CSE 221: Graduate Operating Systems

Fall 2005

Keith Marzullo (marzullo@cs.ucsd.edu)
CSE 3126
(858) 534-3729
Geoff Voelker (voelker@cs.ucsd.edu)
CSE 3108
(858) 822-3323
Section A00
Mon/Wed 5pm - 6:20pm
Center Hall 216
Section B00
Tue/Thu 9:30am - 10:50am
Warren Lecture Hall (WLH) 2206
Teaching Assistant
Sean O'Rourke (sorourke@cs.ucsd.edu)
CSE 4256
Office Hours
Voelker: Mon 3-4pm, Wed 4-5pm (or by appointment)
Marzullo: TBD
O'Rourke: Wed 12:30-1:30pm
I would strongly recommend an undergraduate operating systems textbook as a reference. The text I use in CSE 120 is:
Silberschatz, Operating System Concepts, Wiley, 6th Edition (Windows XP Update)
ISBN 0-471-25060-0

   Course Objectives

The purpose of this course is to teach computer software system structures from a design point of view. We will look at different structuring techniques, and we will examine their usage in both important historical systems and in modern systems.

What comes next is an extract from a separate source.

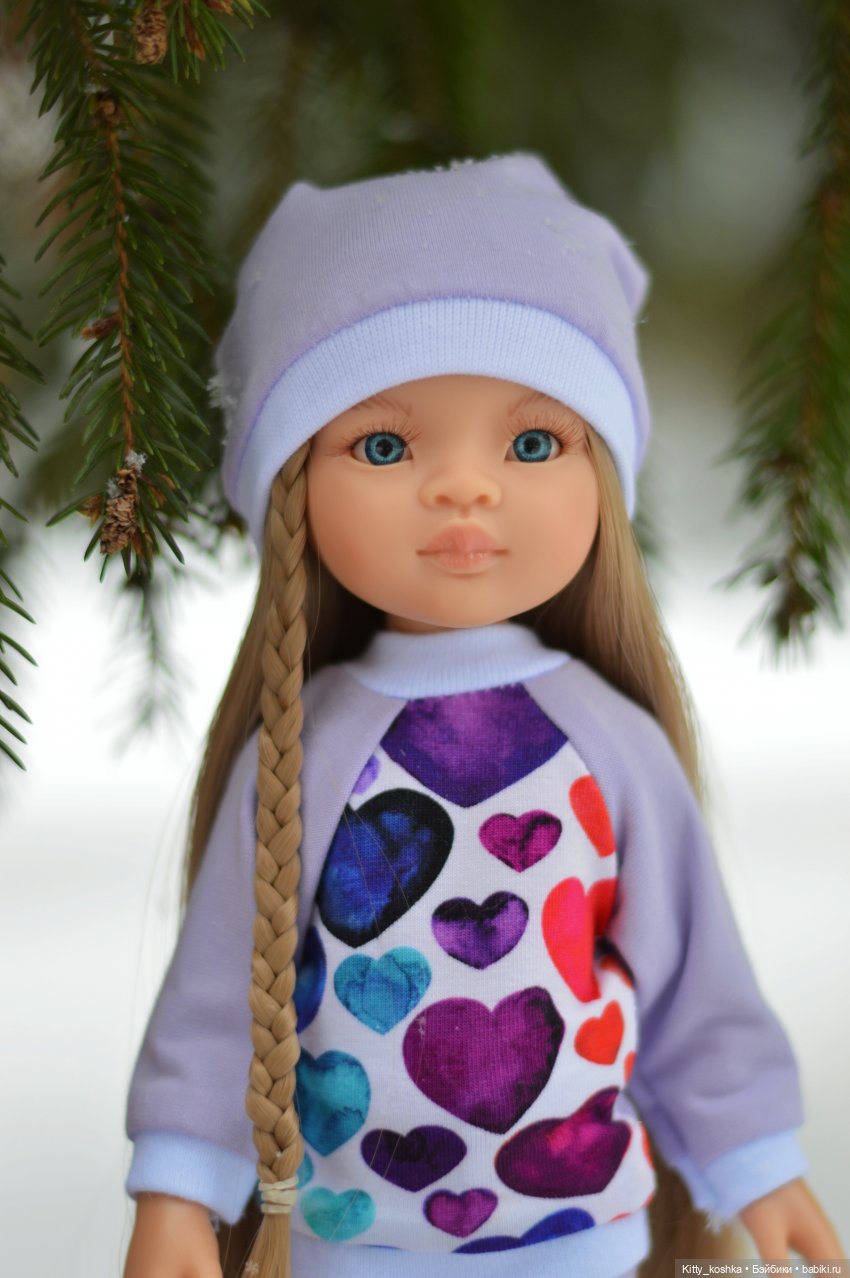 Маме — куклы, папе — машинка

In addition to learning about different system structures and different operating systems, you will learn:

  • How to read a research paper in an objective manner.
  • How to write a critical analysis of the research described in a paper.
  • How to articulate your understanding of and insights into a research paper.
  • How to synthesize research themes and topics across multiple papers.
   Reading List

We will be reading and discussing two papers each class period according to the following schedule:

   Class Participation

The structure of this class is unusual in that there are no lectures or presentations during the class period. Instead, we will discuss research papers that we will have all read before each class period. I will lead discussions by asking questions of students at random in class. Note that your answers to these questions form an appreciable portion of your overall grade, so it is important that you both show up to class as well as read the papers carefully.

Because of the unusual format of this class, I will not grade you on class participation during the first two weeks of class.

Occasionally, students have to miss class for one good reason or another (e.g., present a paper at a conference, go on a business trip). If you find yourself in this situation, contact me ahead of time to let me know you will be gone. Since you will not be in class to participate in discussion, I also ask that you write a brief evaluation of the papers for the class that you will miss. Your evaluation should address the following questions:

  • What problem does the paper address?
  • How is it different from previous work, if any?
  • What is the approach used to solve the problem?
  • How does the paper support or otherwise justify its arguments and conclusions?
  • Was the paper, in your judgement, successful in addressing the problem?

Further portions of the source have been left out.